At 1:14pm Pacific time, May 15th, the Stellar network halted for 67 minutes due to an inability to reach consensus. During that time no ledgers were closed and no transactions were processed — basically, Stellar stopped.
However, the ledger state remained safe and consistent across the network. Stellar has roughly 150,000 users every day and over 3 million total accounts. No one lost their money; no one’s balances were confused by a fork. At 2:21, ledgers began closing where they left off, and the network is healthy this morning.
Needless to say, an outage like this is highly undesirable, and it uncovered a few improvements we need to make. Here are the main takeaways, which we expand upon below.

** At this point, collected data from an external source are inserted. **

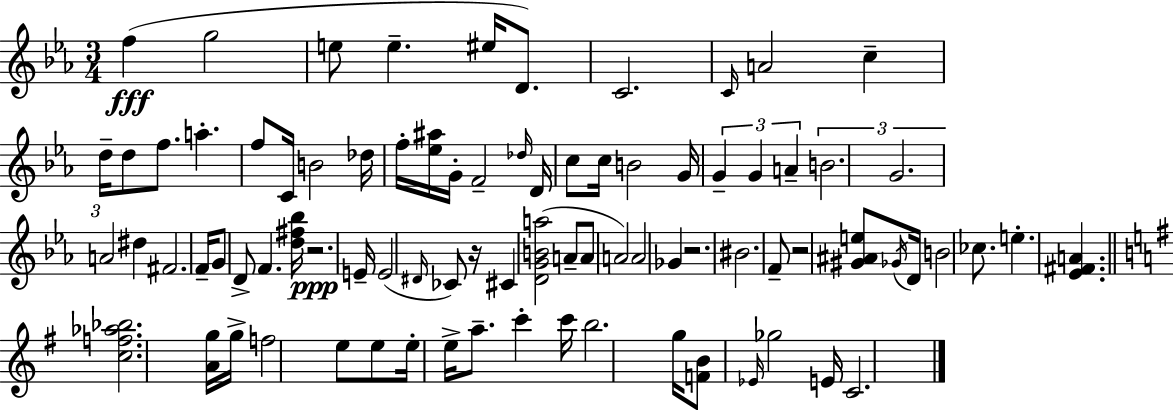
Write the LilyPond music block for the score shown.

{
  \clef treble
  \numericTimeSignature
  \time 3/4
  \key c \minor
  f''4(\fff g''2 | e''8 e''4.-- eis''16 d'8.) | c'2. | \grace { c'16 } a'2 c''4-- | \break d''16-- d''8 f''8. a''4.-. | f''8 c'16 b'2 | des''16 f''16-. <ees'' ais''>16 g'16-. f'2-- | \grace { des''16 } d'16 c''8 c''16 b'2 | \break g'16 \tuplet 3/2 { g'4-- g'4 a'4-- } | \tuplet 3/2 { b'2. | g'2. | a'2 } dis''4 | \break fis'2. | f'16-- g'8 d'8-> f'4. | <d'' fis'' bes''>16 r2.\ppp | e'16-- e'2( \grace { dis'16 } | \break ces'8) r16 cis'4 <d' g' b' a''>2( | a'8-- a'8 a'2) | a'2 ges'4 | r2. | \break bis'2. | f'8-- r2 | <gis' ais' e''>8 \acciaccatura { ges'16 } d'16 b'2 | ces''8. e''4.-. <ees' fis' a'>4. | \break \bar "||" \break \key g \major <c'' f'' aes'' bes''>2. | <a' g''>16 g''16-> f''2 e''8 | e''8 e''16-. e''16-> a''8.-- c'''4-. c'''16 | b''2. | \break g''16 <f' b'>8 \grace { ees'16 } ges''2 | e'16 c'2. | \bar "|."
}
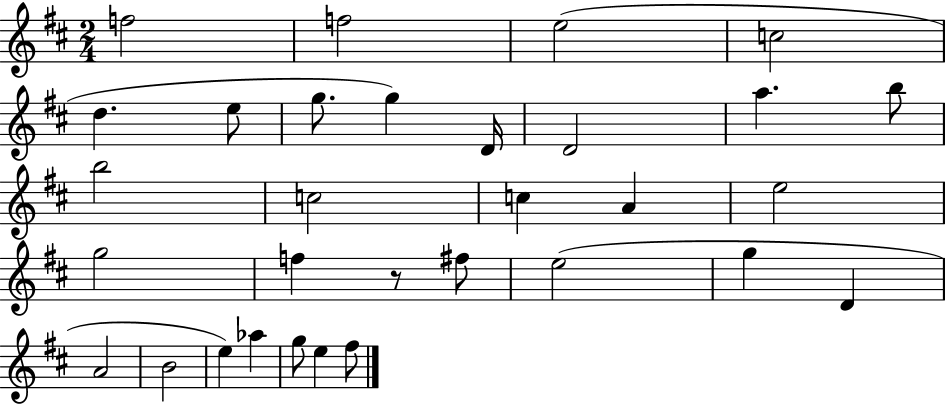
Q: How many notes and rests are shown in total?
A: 31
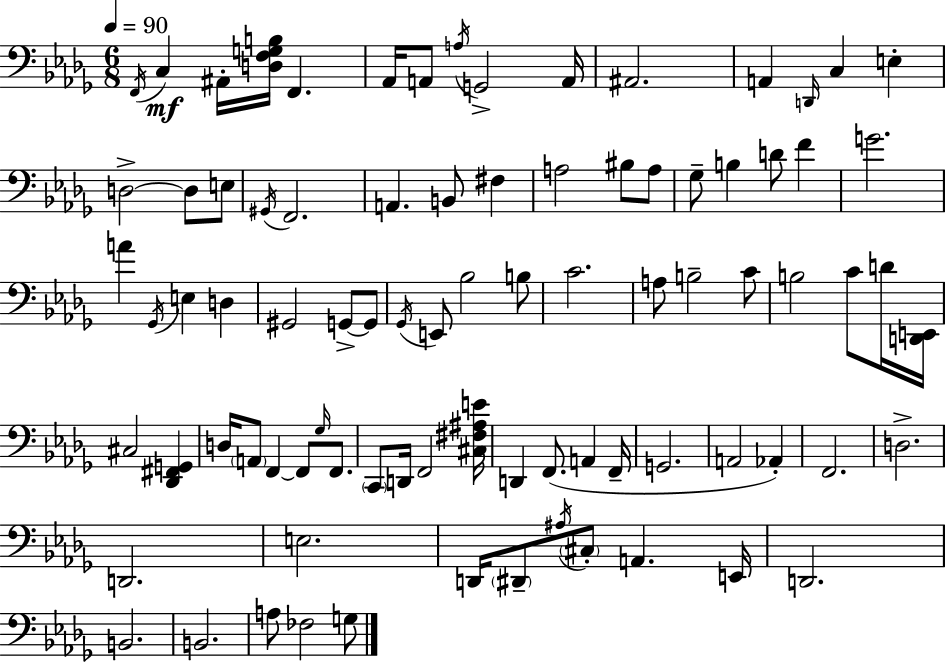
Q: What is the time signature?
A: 6/8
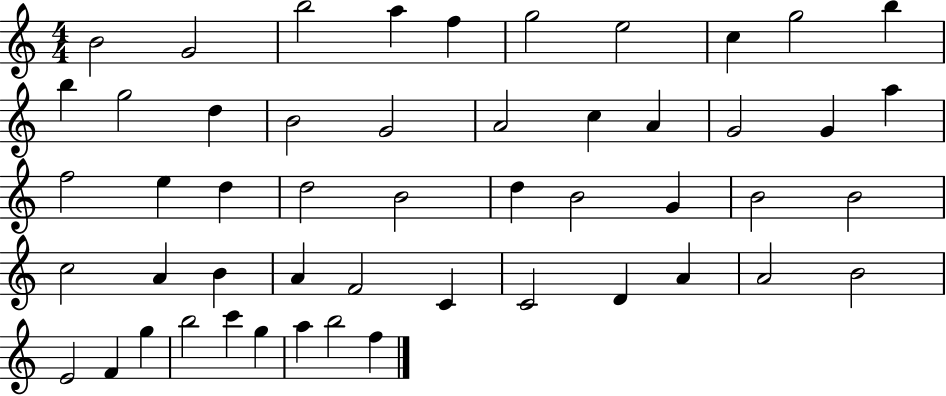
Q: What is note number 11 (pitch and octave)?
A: B5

As a fundamental design choice, Stellar prefers consistency and partition resilience over liveness. In other words, when faced with consensus uncertainty, the Stellar Consensus Protocol (SCP) prefers to halt rather than operate in a potentially inconsistent state. This is different from other blockchains, in which “the chain must go on” even at the price of soft forks.
Financial institutions prefer downtime over inconsistent data, that’s why they choose Stellar. It’s much better for a financial network to go offline temporarily than to produce permanent false or disputed results.
Still, with the right tooling, Stellar shouldn’t need to halt. Here’s how we will mitigate future risk:
Even before this halt, we’d been working on improving the reporting capabilities of Stellar-core. Stellar-core 11.1.0RC already contains a command for getting a full transitive quorum set report. Other monitoring commands will be prioritized.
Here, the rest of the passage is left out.